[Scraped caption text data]
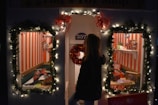 A festive toy shop window decorated with illuminated garlands and red bows. Two display windows reveal toys, including a toy train set, dolls, and miniature vehicles, set against a backdrop of red and white vertical stripes. A person standing outside looks into the windows.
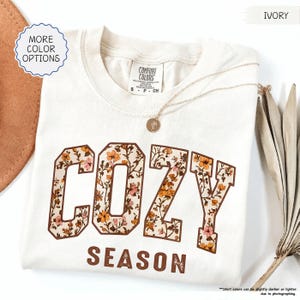 May include: Cream-coloured t-shirt featuring the words "COZY SEASON" in a floral design. The shirt has a crew neck and short sleeves. A gold necklace with a pendant is draped on the shirt. The words "MORE COLOR OPTIONS" are in a circle.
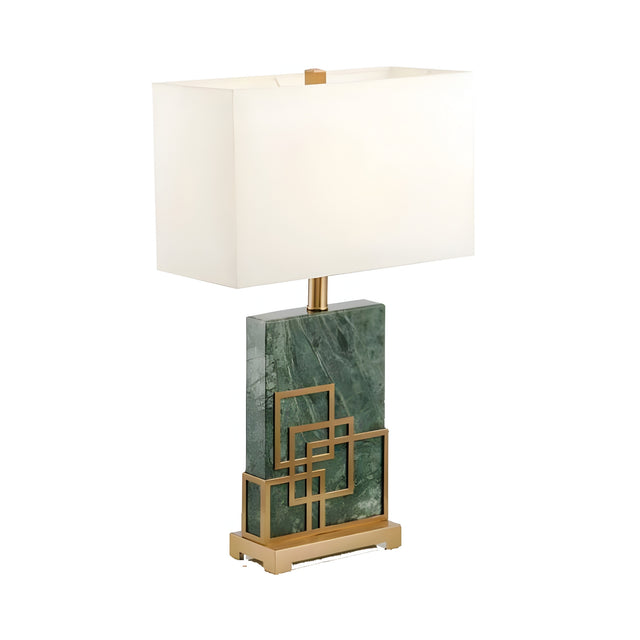 The Veridan 1 Light Framed Marble Table Lamp - Brass & Green features a rectangular white shade, a green marble base, and gold geometric accents, all set on an elegant brass stand.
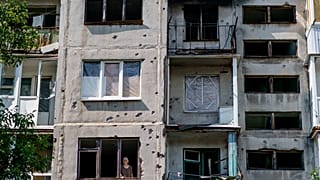 Пожилая женщина выглядывает из окна своей квартиры в Славянске после ночного обстрела (7 августа 2022 г.)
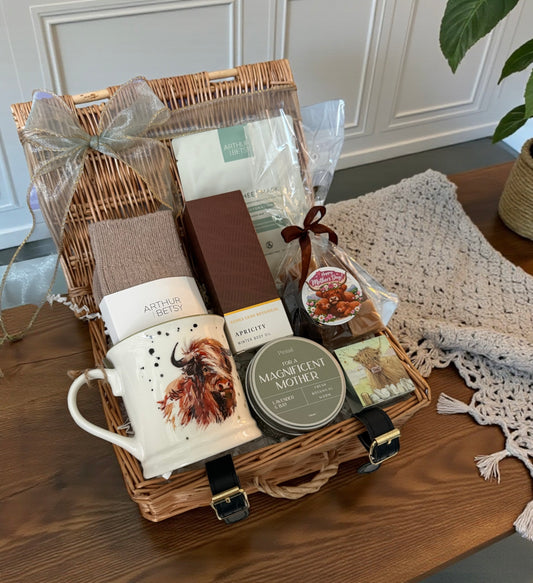 Gift basket with a mug, socks, candle, body oil, fudge, face mask and lip balm with cows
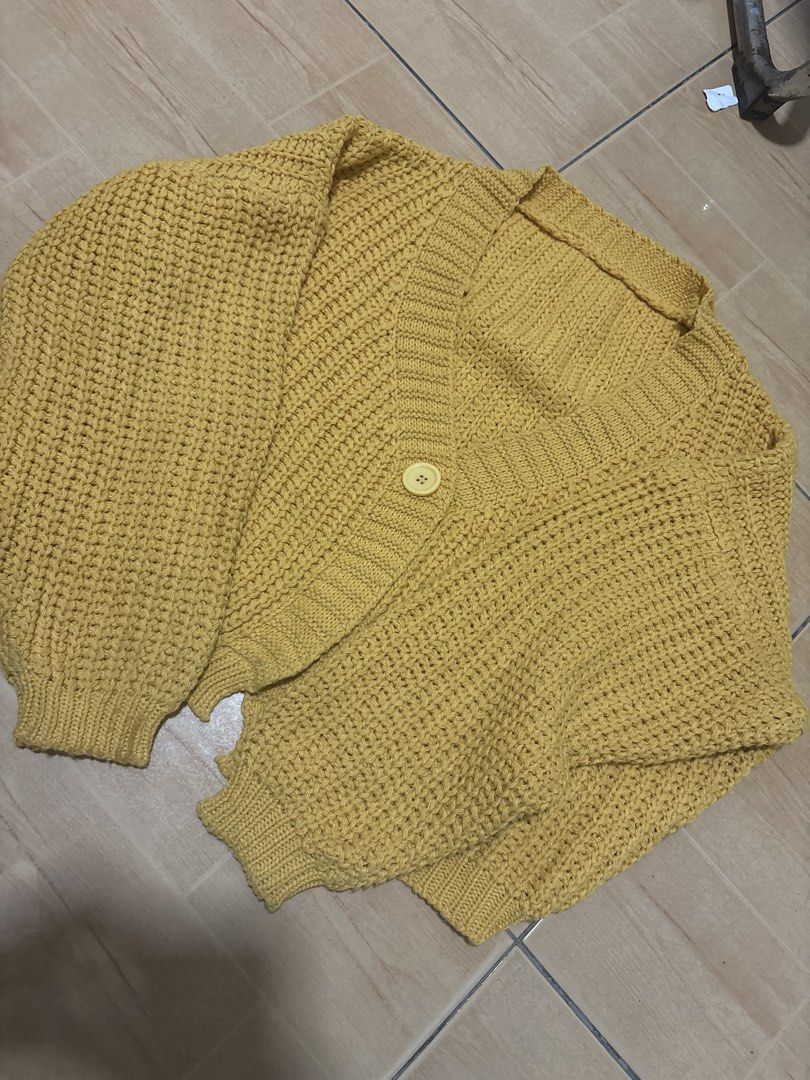 Yellow Knit Cropped Cardigan Sweater (Category: Coats, Jackets and Outerwear) located in Cabuyao City. Submitted by airpz (Listing ID 1469068402, Image 1). Description: - Color: Mustard yellow - Style: Cropped, heavy chunky knit - Features: V-neck with ribbed trim, long sleeves with ribbed cuffs and hem, single large front button - Condition/Vibe: Cozy, warm, and stylish for everyday wear.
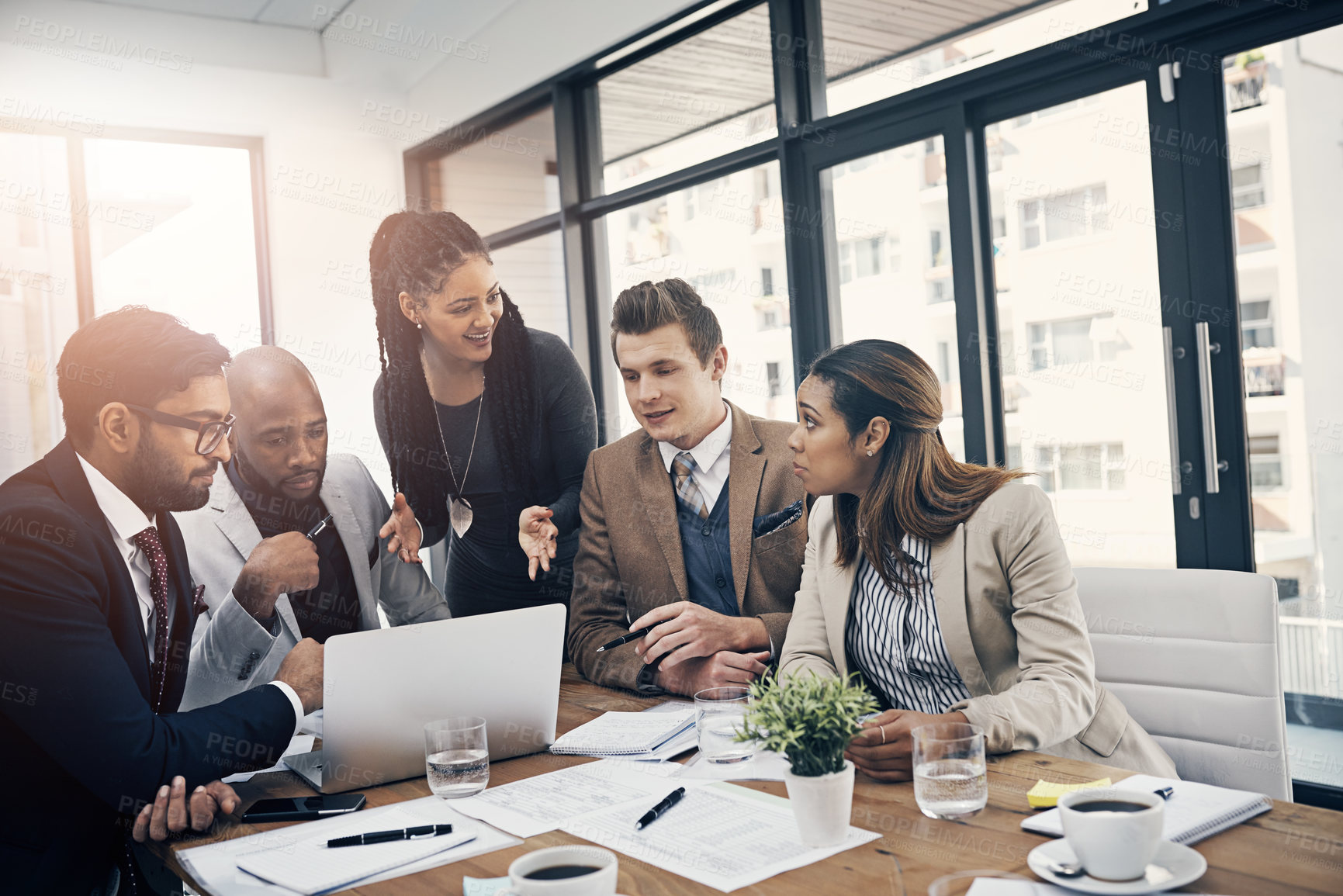 Buy stock photo Shot of a group of young businesspeople using a laptop together during a meeting in a modern office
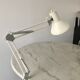 Off-white articulated architect lamp.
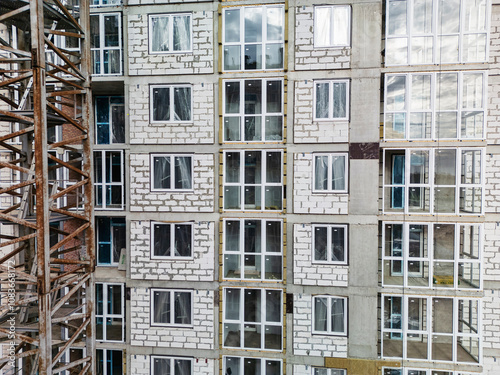 Modern apartment building under construction with large windows and scaffolding in a bustling city during the late afternoon light photo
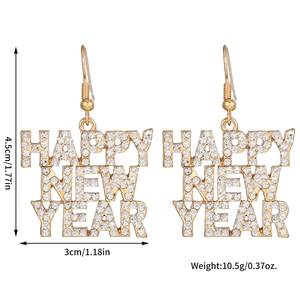 Close-up of gold alloy New Year earrings featuring rhinestones and HAPPY NEW YEAR lettering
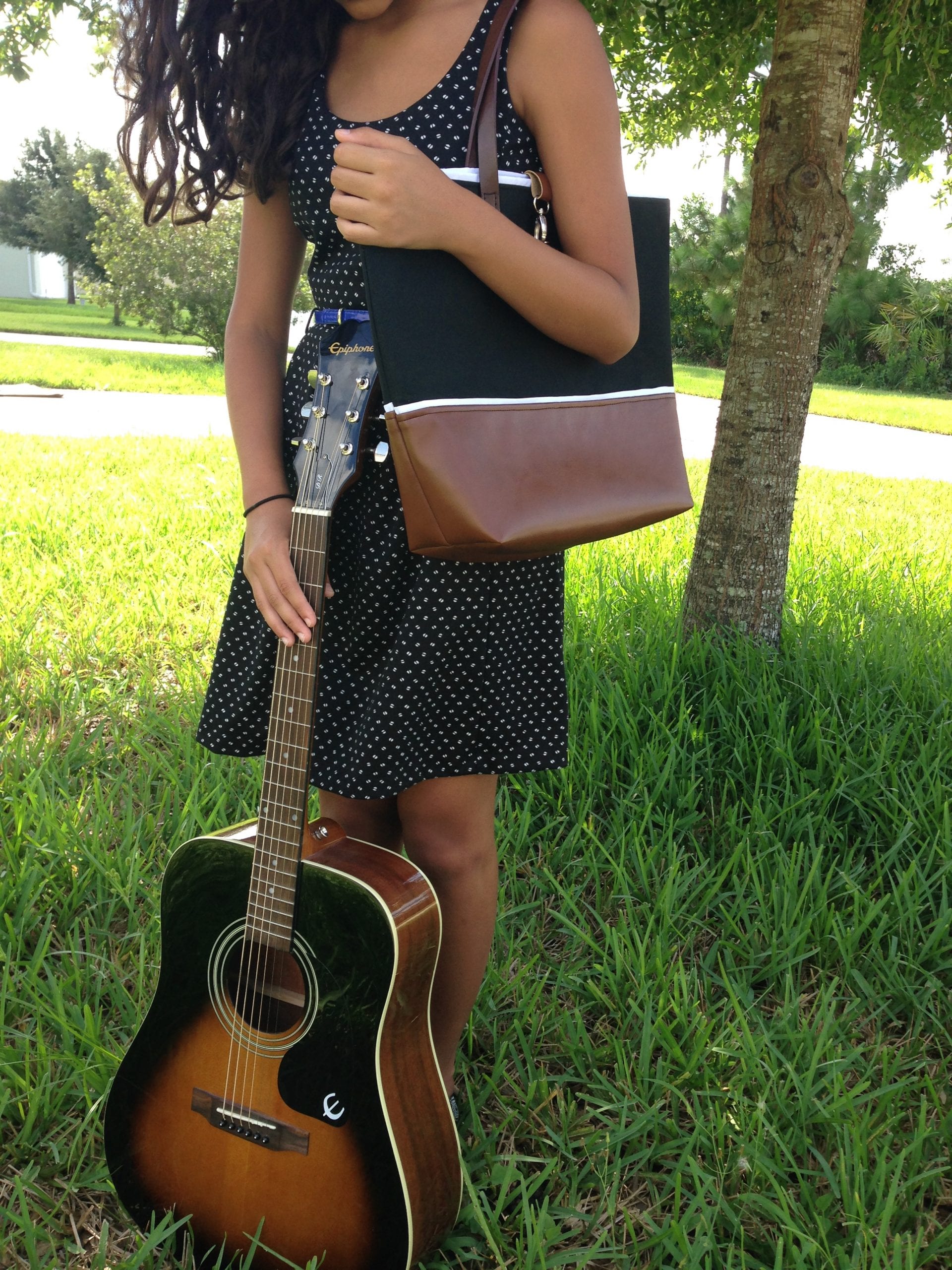 Blackout-Leather-Tote-wanda-lopez-designs-modeled-with-guitar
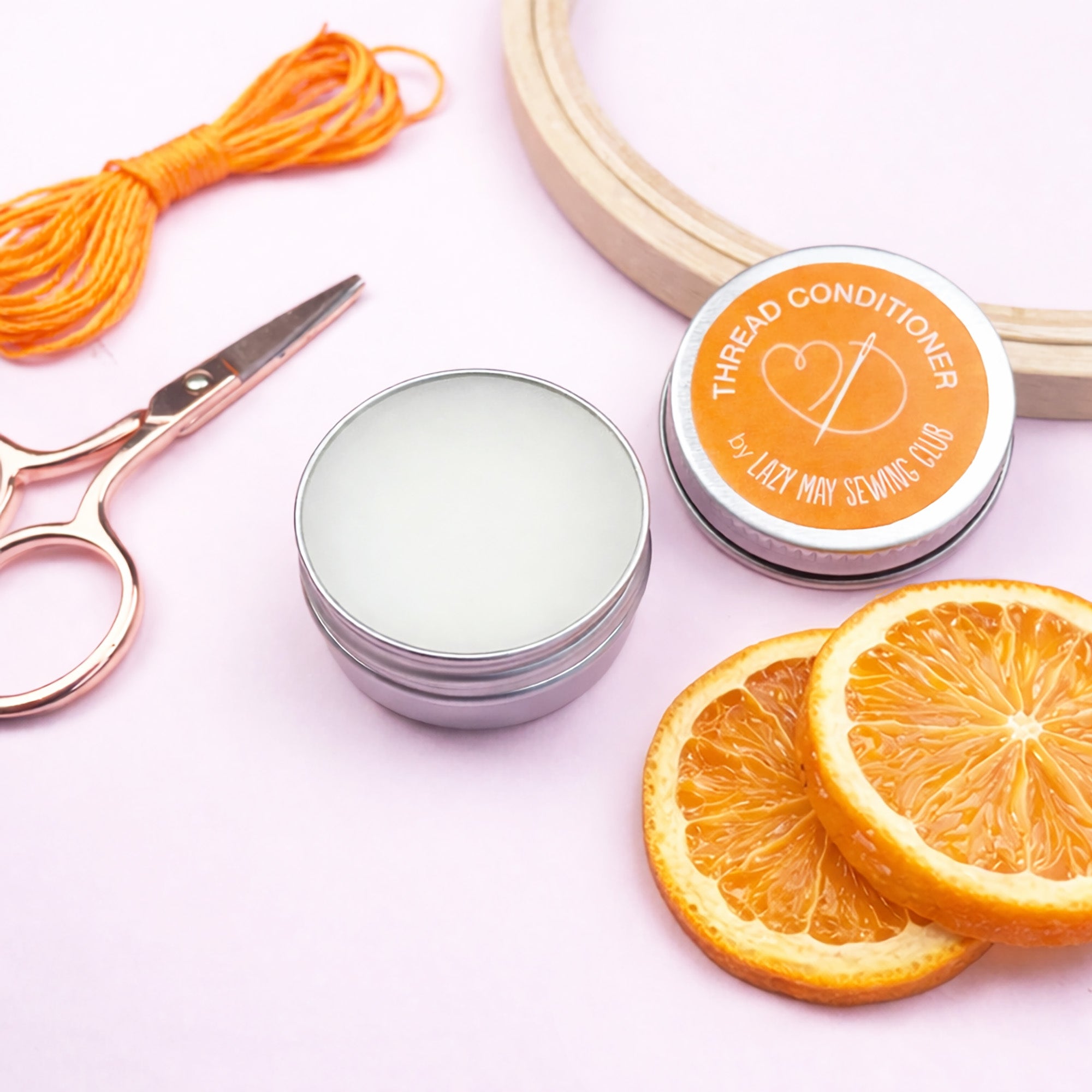 Thread conditioner with orange slices and sewing tools on a light pink background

YOUR OBJECTIVE:
Without the pictures, return the whole of the data exactly as given.

THE ANSWER:
 A festive toy shop window decorated with illuminated garlands and red bows. Two display windows reveal toys, including a toy train set, dolls, and miniature vehicles, set against a backdrop of red and white vertical stripes. A person standing outside looks into the windows.
 May include: Cream-coloured t-shirt featuring the words "COZY SEASON" in a floral design. The shirt has a crew neck and short sleeves. A gold necklace with a pendant is draped on the shirt. The words "MORE COLOR OPTIONS" are in a circle.
 The Veridan 1 Light Framed Marble Table Lamp - Brass & Green features a rectangular white shade, a green marble base, and gold geometric accents, all set on an elegant brass stand.
 Пожилая женщина выглядывает из окна своей квартиры в Славянске после ночного обстрела (7 августа 2022 г.)
 Gift basket with a mug, socks, candle, body oil, fudge, face mask and lip balm with cows
 Yellow Knit Cropped Cardigan Sweater (Category: Coats, Jackets and Outerwear) located in Cabuyao City. Submitted by airpz (Listing ID 1469068402, Image 1). Description: - Color: Mustard yellow - Style: Cropped, heavy chunky knit - Features: V-neck with ribbed trim, long sleeves with ribbed cuffs and hem, single large front button - Condition/Vibe: Cozy, warm, and stylish for everyday wear.
 Buy stock photo Shot of a group of young businesspeople using a laptop together during a meeting in a modern office
 Off-white articulated architect lamp.
 Modern apartment building under construction with large windows and scaffolding in a bustling city during the late afternoon light photo
 Close-up of gold alloy New Year earrings featuring rhinestones and HAPPY NEW YEAR lettering
 Blackout-Leather-Tote-wanda-lopez-designs-modeled-with-guitar
 Thread conditioner with orange slices and sewing tools on a light pink background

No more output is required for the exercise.